I think it’s all about balance.

-RKB

day off

Today is my day off and boy, did I need it. I’ve been working strange hours for the past three days. It felt good to sleep ’til 10 and take my time getting out of bed. I actually thought it was impossible for me to sleep late, like I did when I was in high school and college. The past couple of mornings, despite my bedtime, I found myself undeniably awake at 8, 9 AM. But I feel good that I got my eight hours. And I feel good about today.

I planning on getting back in the studio soon. I’m looking forward to laying down some guitar tracks for two songs I’m working on. Rhythm is all set, but the bass and lead I’m still working out. I’ll probably send that email today. I’ve also been working a lot, which I am happy about.
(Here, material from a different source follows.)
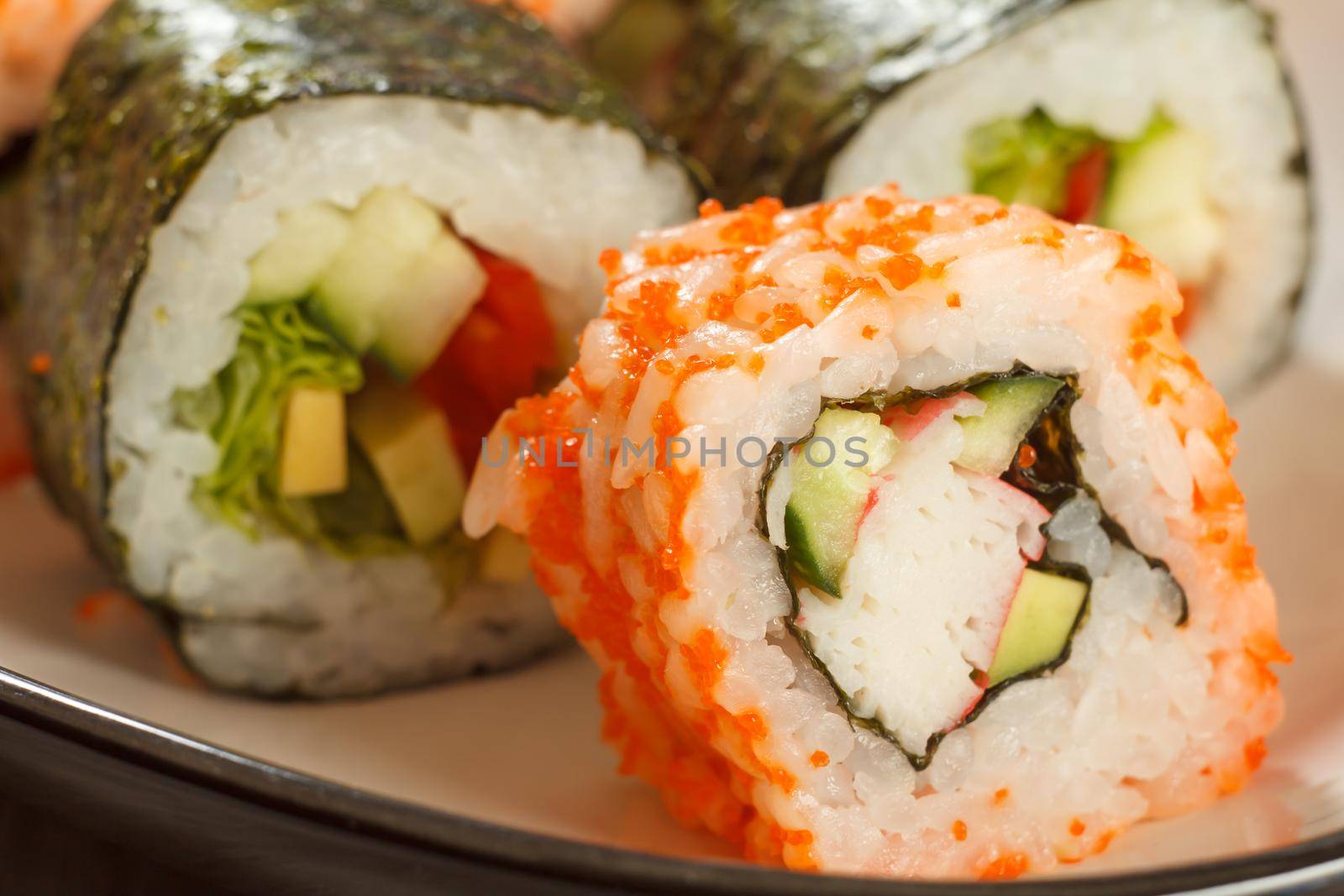 Close up Uramaki California. Sushi roll with nori, rice, pieces of avocado, cucumber, crab sticks decorated with flying fish roe and sushi rolls with vegetables on the background. Japanese cuisine. Shallow depth of field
Today is one of those days where I know I would love to sit down and do nothing all day, just eat and watch TV. But I’m going to try to make something of it because I have a few errands to run (and I really need to get my ass to yoga). In The Sound of Music, Captain Von Trapp says, “Activity suggests a life filled with purpose”. And I’ve always loved that line. It helps to contextualize my life a bit (and maybe not stay at home so much). It motivates me to do things and be out in the world. Because how can we write a good memoir in 30 years if we’re indoors all day?